/---
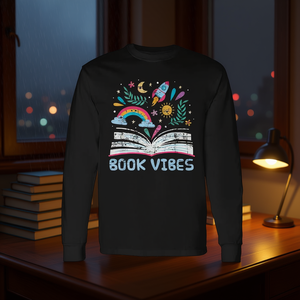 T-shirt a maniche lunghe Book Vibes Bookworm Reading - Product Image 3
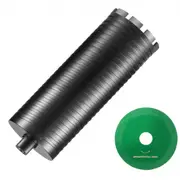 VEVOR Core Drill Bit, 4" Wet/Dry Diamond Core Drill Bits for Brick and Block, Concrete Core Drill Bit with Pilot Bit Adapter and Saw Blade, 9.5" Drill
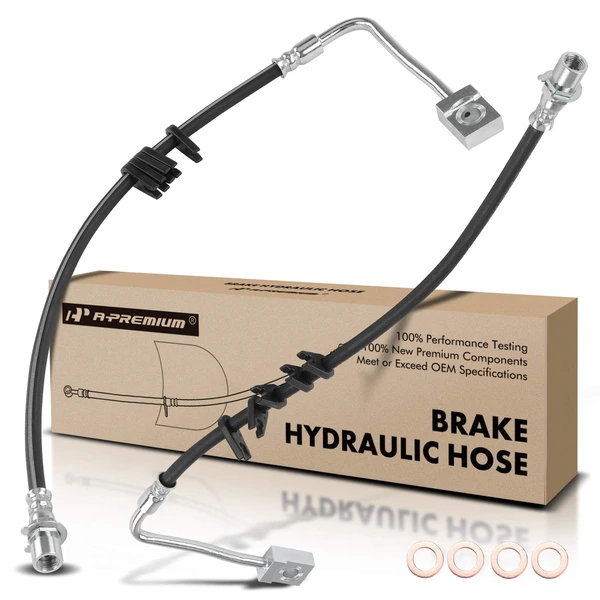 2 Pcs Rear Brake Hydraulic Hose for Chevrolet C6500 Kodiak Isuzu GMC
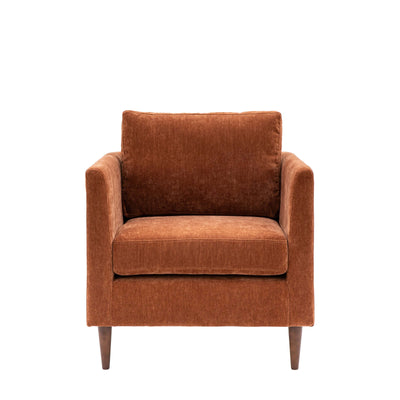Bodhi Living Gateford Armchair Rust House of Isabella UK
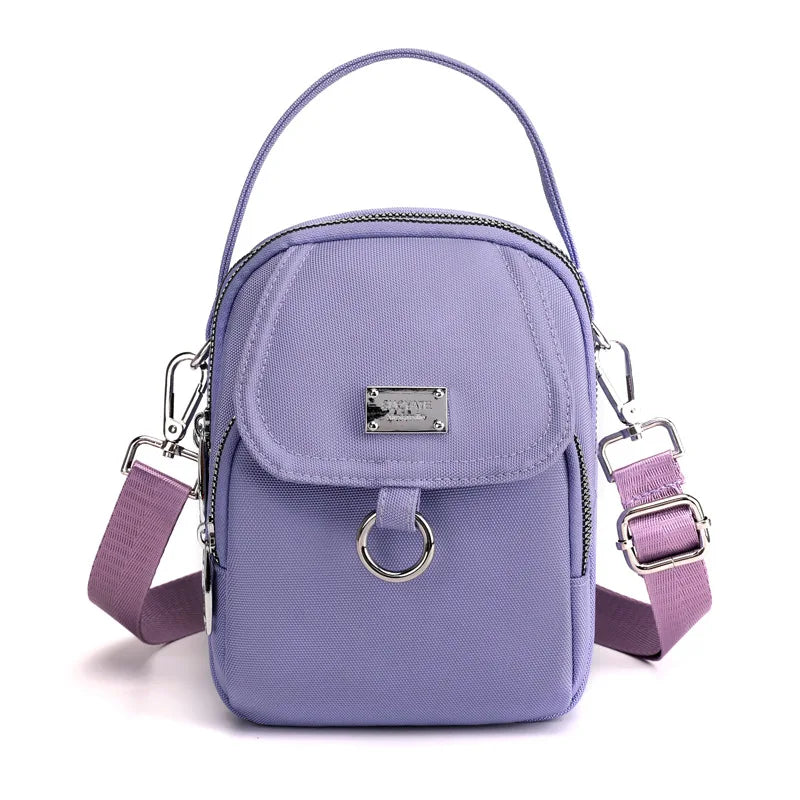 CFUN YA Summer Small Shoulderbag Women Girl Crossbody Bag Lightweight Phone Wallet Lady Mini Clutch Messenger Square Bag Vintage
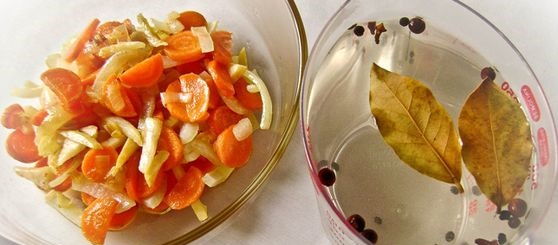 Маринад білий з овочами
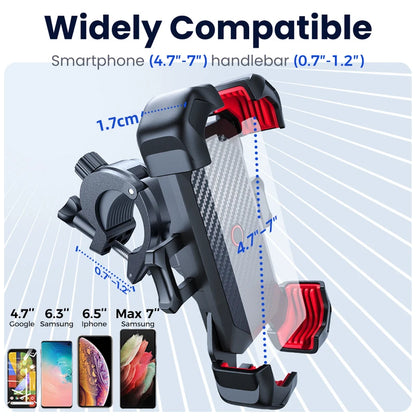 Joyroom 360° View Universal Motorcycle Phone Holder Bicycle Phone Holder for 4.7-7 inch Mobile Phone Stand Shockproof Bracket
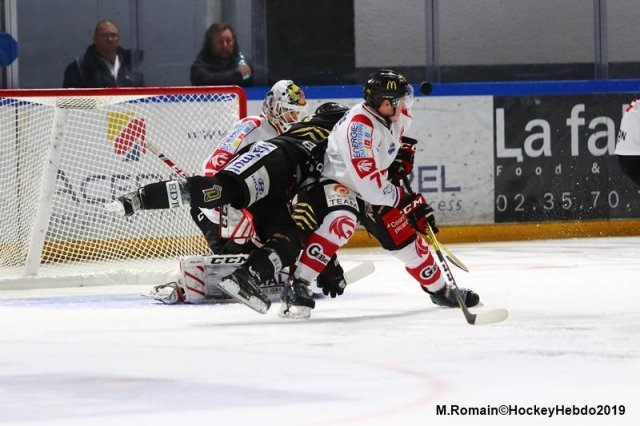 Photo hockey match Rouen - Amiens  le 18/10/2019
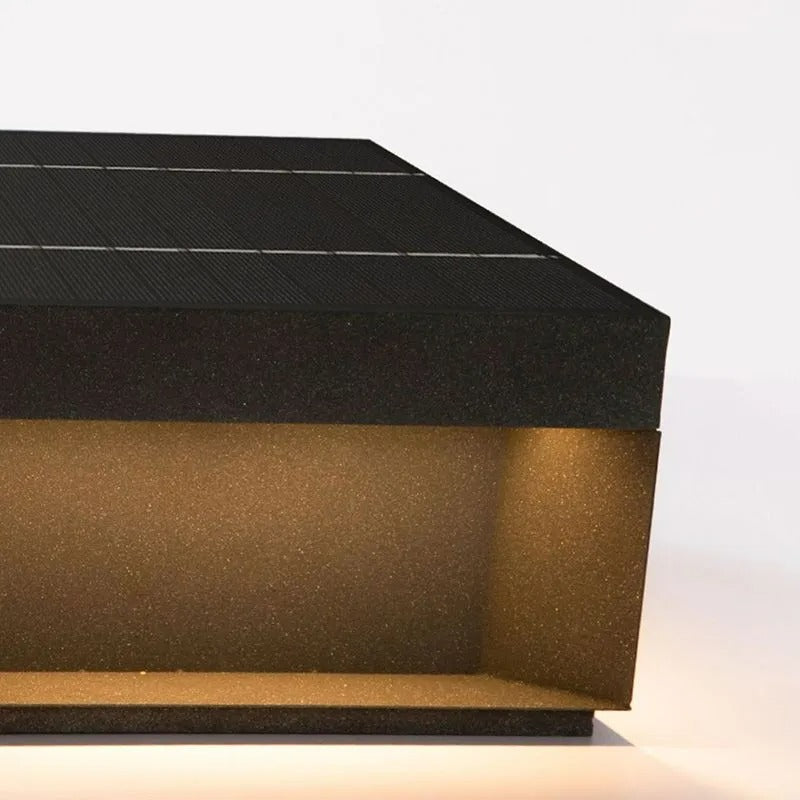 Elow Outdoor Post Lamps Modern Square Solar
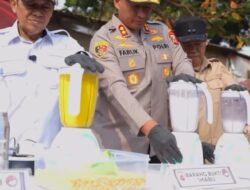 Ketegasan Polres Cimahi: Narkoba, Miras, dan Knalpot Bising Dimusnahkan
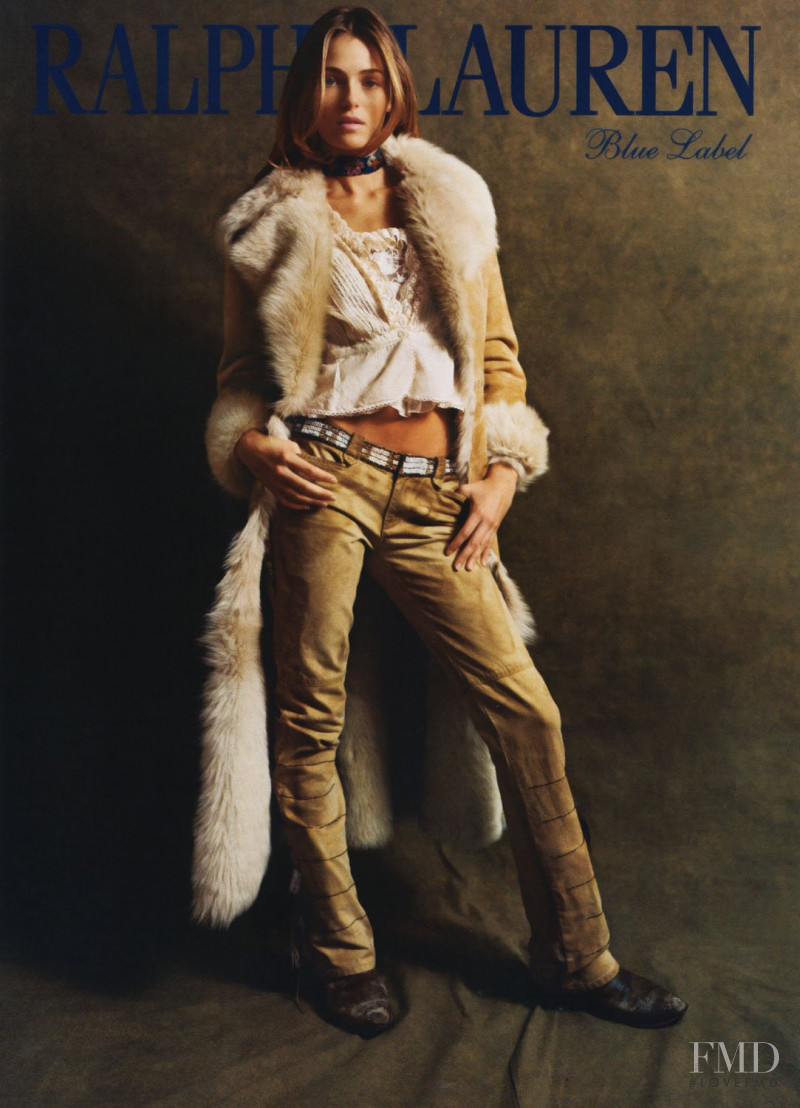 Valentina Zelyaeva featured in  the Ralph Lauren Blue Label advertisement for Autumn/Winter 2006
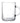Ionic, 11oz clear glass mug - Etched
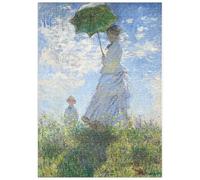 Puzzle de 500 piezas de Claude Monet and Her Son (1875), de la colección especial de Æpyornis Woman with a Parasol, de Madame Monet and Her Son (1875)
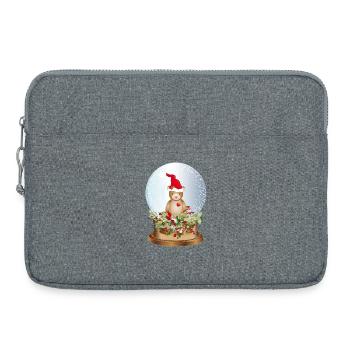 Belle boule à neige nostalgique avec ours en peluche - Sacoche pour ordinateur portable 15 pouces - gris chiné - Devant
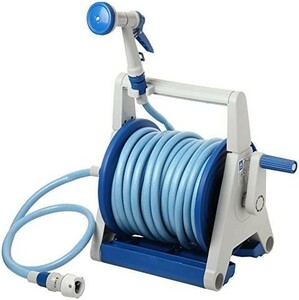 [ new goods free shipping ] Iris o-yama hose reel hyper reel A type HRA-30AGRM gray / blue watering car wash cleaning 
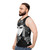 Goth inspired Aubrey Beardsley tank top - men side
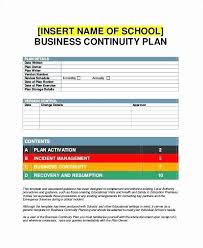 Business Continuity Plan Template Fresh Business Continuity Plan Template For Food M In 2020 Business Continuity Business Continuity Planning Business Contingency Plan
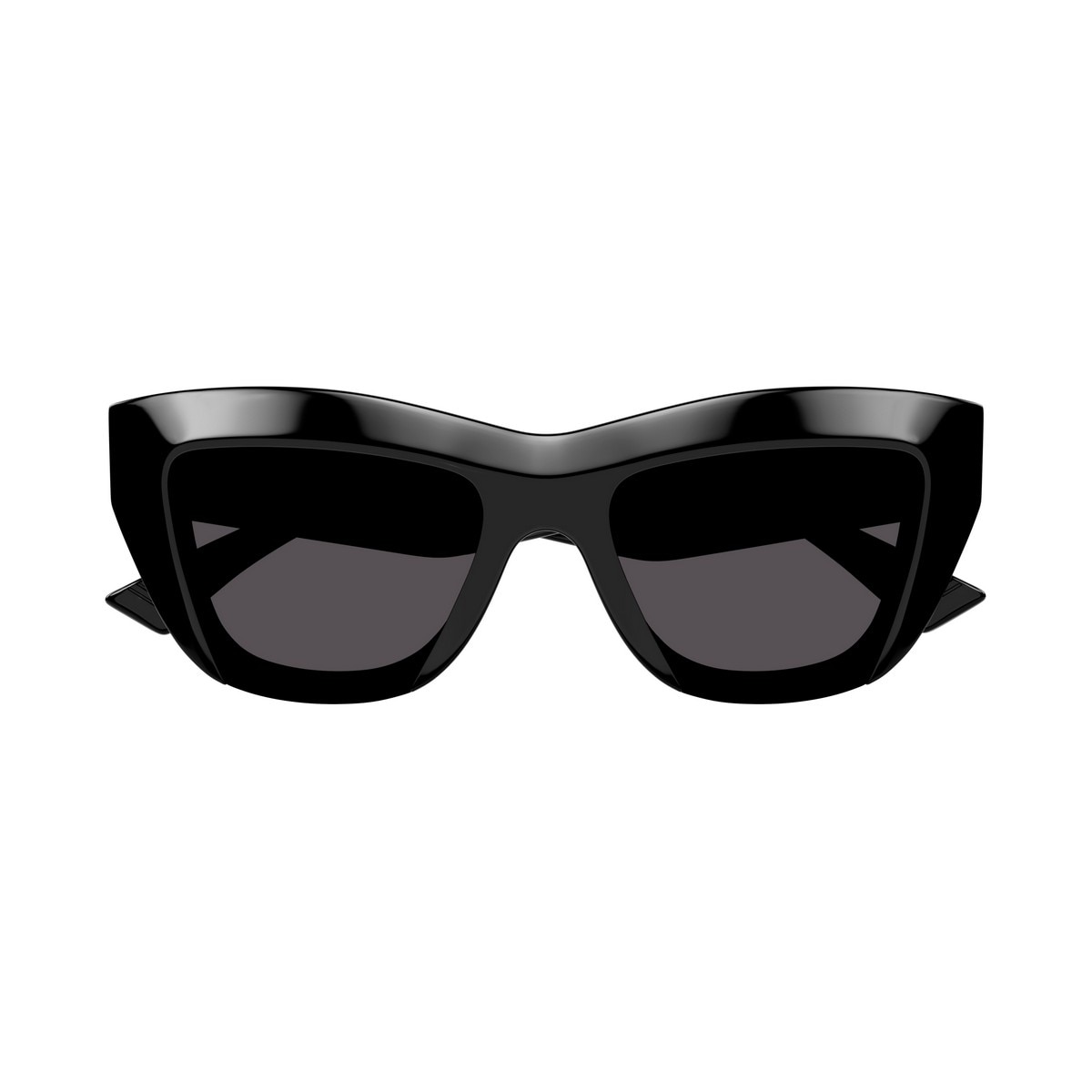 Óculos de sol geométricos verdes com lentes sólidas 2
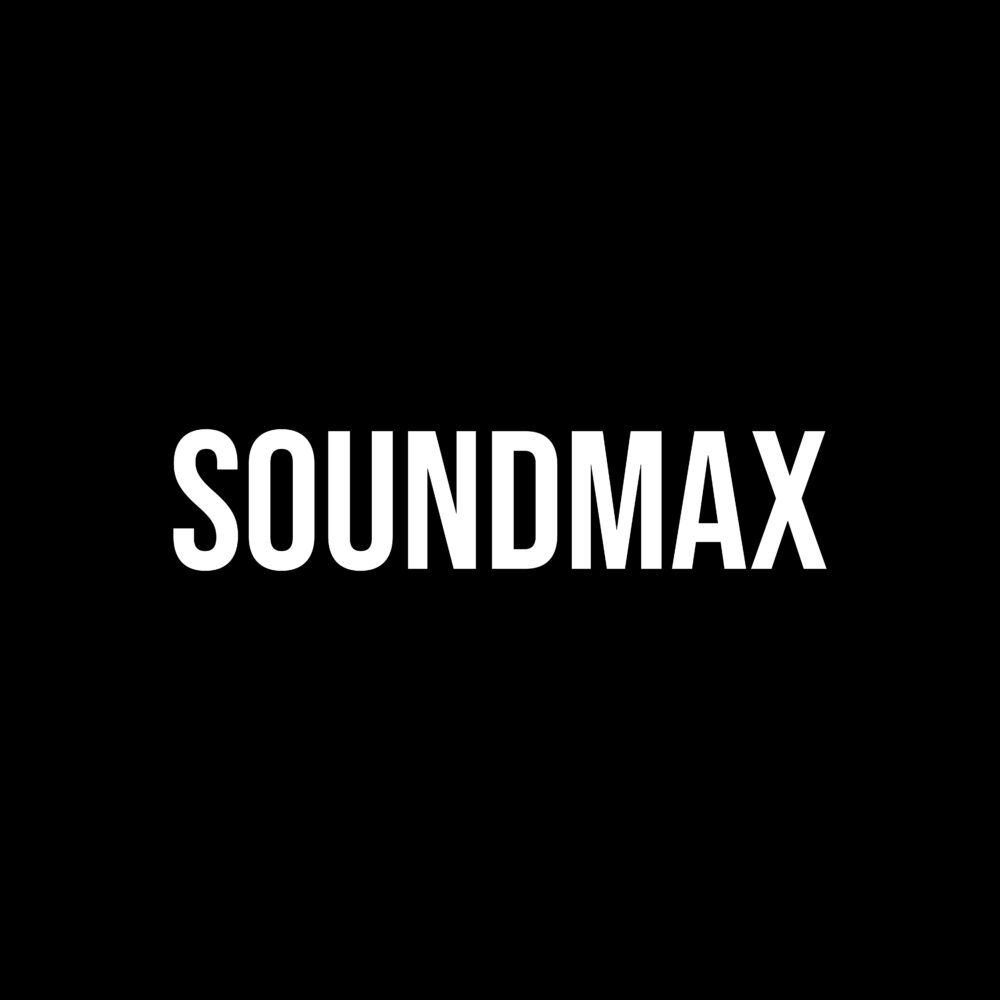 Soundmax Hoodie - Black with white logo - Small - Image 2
\---
• **TASK INSTRUCTIONS**: Write out exactly, with no pictures, each line from the one containing "[ new goods" through the last line of the listing above, both included.

• **SOLUTION BELOW**:
 [ new goods free shipping ] Iris o-yama hose reel hyper reel A type HRA-30AGRM gray / blue watering car wash cleaning 
 Goth inspired Aubrey Beardsley tank top - men side
 Business Continuity Plan Template Fresh Business Continuity Plan Template For Food M In 2020 Business Continuity Business Continuity Planning Business Contingency Plan
 Óculos de sol geométricos verdes com lentes sólidas 2
 Soundmax Hoodie - Black with white logo - Small - Image 2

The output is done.